** Opening DATASET RECORDS block **

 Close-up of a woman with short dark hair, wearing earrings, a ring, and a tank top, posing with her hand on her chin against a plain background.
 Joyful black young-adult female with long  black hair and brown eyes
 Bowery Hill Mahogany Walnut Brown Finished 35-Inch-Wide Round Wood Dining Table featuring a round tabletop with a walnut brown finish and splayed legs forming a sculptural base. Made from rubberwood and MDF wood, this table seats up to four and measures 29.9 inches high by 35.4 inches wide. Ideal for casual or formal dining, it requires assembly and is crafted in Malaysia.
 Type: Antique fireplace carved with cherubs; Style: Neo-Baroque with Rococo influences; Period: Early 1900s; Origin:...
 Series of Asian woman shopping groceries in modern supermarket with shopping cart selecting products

** Closing DATASET RECORDS block **
** Opening DATASET RECORDS block **

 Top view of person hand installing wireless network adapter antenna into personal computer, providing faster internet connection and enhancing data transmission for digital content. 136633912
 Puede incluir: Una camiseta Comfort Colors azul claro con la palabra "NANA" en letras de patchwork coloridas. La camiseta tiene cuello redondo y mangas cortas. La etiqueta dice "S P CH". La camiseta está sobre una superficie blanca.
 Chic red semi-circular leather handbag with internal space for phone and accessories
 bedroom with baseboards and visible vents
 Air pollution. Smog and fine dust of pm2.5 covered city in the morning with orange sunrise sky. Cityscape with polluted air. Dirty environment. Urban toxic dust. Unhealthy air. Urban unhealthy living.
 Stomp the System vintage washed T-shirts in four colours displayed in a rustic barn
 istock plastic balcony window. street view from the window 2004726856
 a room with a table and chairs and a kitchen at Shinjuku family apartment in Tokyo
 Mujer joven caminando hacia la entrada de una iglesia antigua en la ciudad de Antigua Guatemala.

** Closing DATASET RECORDS block **

**WORK ORDER:** Above are some lines. Repeat exactly, and only, those from the line that has "Puede incluir: Una" through the line that has "Mujer joven caminando".

**FINISHED TASK:**
 Puede incluir: Una camiseta Comfort Colors azul claro con la palabra "NANA" en letras de patchwork coloridas. La camiseta tiene cuello redondo y mangas cortas. La etiqueta dice "S P CH". La camiseta está sobre una superficie blanca.
 Chic red semi-circular leather handbag with internal space for phone and accessories
 bedroom with baseboards and visible vents
 Air pollution. Smog and fine dust of pm2.5 covered city in the morning with orange sunrise sky. Cityscape with polluted air. Dirty environment. Urban toxic dust. Unhealthy air. Urban unhealthy living.
 Stomp the System vintage washed T-shirts in four colours displayed in a rustic barn
 istock plastic balcony window. street view from the window 2004726856
 a room with a table and chairs and a kitchen at Shinjuku family apartment in Tokyo
 Mujer joven caminando hacia la entrada de una iglesia antigua en la ciudad de Antigua Guatemala.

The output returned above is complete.